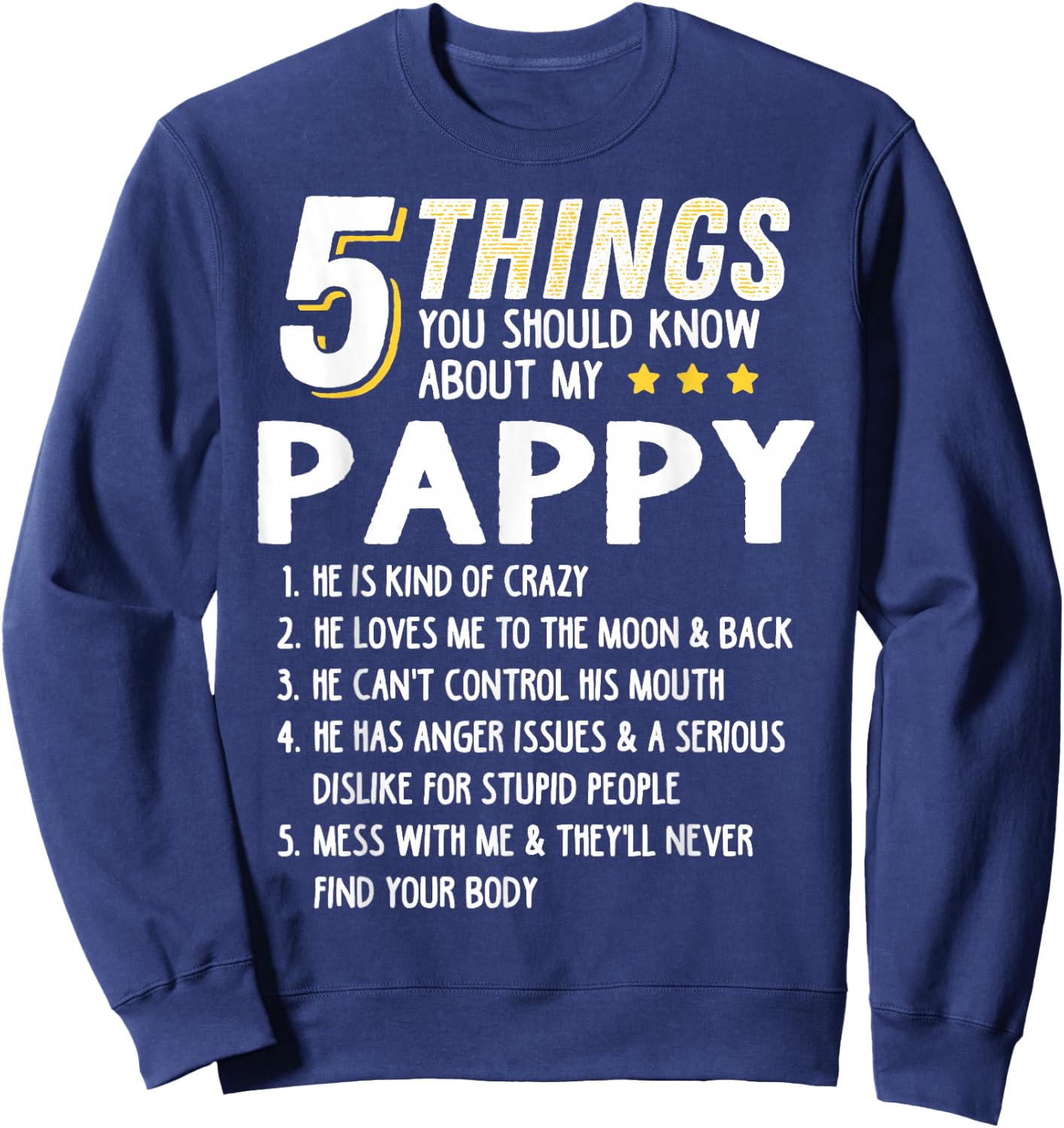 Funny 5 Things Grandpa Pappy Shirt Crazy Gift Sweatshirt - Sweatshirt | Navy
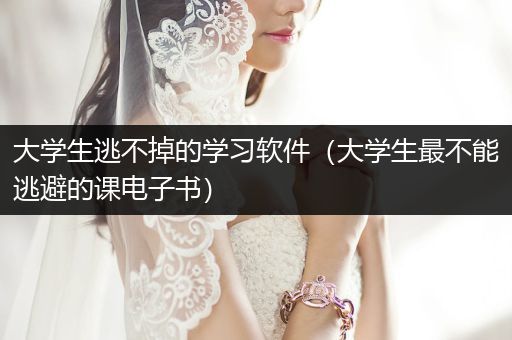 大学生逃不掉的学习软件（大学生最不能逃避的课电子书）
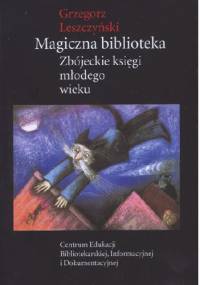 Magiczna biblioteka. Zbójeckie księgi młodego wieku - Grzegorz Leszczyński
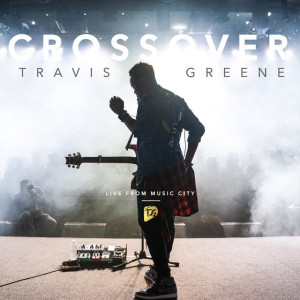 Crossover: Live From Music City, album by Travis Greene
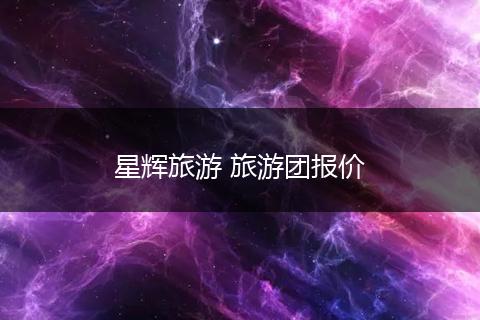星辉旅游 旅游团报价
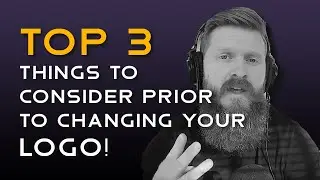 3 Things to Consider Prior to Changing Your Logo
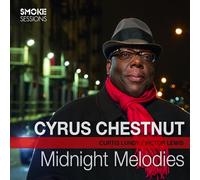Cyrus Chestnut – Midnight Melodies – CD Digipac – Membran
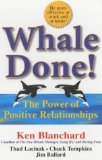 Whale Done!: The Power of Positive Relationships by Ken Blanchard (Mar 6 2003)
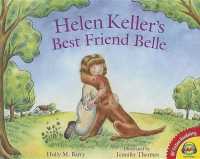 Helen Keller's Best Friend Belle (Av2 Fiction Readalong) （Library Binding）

..........

→ **Your goal**
What you write must match the listing exactly, from the line with "Magiczna biblioteka. Zbójeckie" up to and including the line with "Whale Done!: The". Pictures stay out.

→ **Exercise response**
 Magiczna biblioteka. Zbójeckie księgi młodego wieku - Grzegorz Leszczyński
 Crossover: Live From Music City, album by Travis Greene
星辉旅游 旅游团报价
 3 Things to Consider Prior to Changing Your Logo
Cyrus Chestnut – Midnight Melodies – CD Digipac – Membran
 Whale Done!: The Power of Positive Relationships by Ken Blanchard (Mar 6 2003)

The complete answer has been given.